The Tenant Collector

So far I’d developed everything with a view to running in a global zone (easier done on Solaris than on SmartOS) and collecting metrics on the system and on individual zones all from one place. Doing as much as possible from the global is a I learnt early in my zoning days (2007 I think). Back then I wrote acres of Korn shell to dynamically probe whatever appeared under /zones, and run zlogin loops over the output of zoneadm list running Nagios-style check scripts. That looping survives in these collectors, though the zlogin stuff is much less necessary on SmartOS due to zone-aware extensions to the svc commands, and zone-level kstats. Solaris needs to catch up in these areas, assuming it continues to exist at all.

But I have stuff, like the site you’re reading, which runs in the Joyent Public Cloud. I’m in zones there, and you have a different view of the system from inside a zone. Some metrics are invisible, others are meaningless. So I got copying and pasting, and put together a collector tuned to run in a resource-capped SmartOS zone. The README explains the available metrics, so if you’re interested, read that.

Telegraf and the Future

Diamond is fine. It’s a reasonably active open-source project, and it feels a bit step up from CollectD. But now we have Telegraf, and that is far more modern than Diamond.

When I first tried Telegraf, it wouldn’t build on Solaris. Now, it will but, as was the case with Diamond, none of the OS-related plugins work at all. So I’ve started porting my Diamond collectors to Telegraf. There are kstat bindings for Go, and I’m using those. Once I have everything ported over, I might look at trying to write a libscf binding, (though I suspect I’m over-reaching myself there) so I can monitor SMF without having to shell out.
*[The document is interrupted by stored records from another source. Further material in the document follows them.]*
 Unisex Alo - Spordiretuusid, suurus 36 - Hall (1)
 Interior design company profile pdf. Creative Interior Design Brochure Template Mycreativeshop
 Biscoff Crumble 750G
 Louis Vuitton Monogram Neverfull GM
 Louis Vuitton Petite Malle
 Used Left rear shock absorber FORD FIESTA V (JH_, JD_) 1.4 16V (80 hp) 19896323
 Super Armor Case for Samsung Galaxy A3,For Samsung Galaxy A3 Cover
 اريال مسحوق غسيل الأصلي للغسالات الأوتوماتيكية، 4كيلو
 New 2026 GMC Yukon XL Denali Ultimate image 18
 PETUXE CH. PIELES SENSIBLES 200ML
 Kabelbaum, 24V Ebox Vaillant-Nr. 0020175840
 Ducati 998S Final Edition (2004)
I also haven’t really explored DTrace metric collection in the way I wanted to, and there are Go libusdt bindings just waiting for me. It’s a little slow going though, as I’m having to learn Go and its toolchain as I go.

Having a single binary is a big advantage when deploying to a SmartOS global zone. Getting a Python environment built and running was messy, and feels like a big fat hack.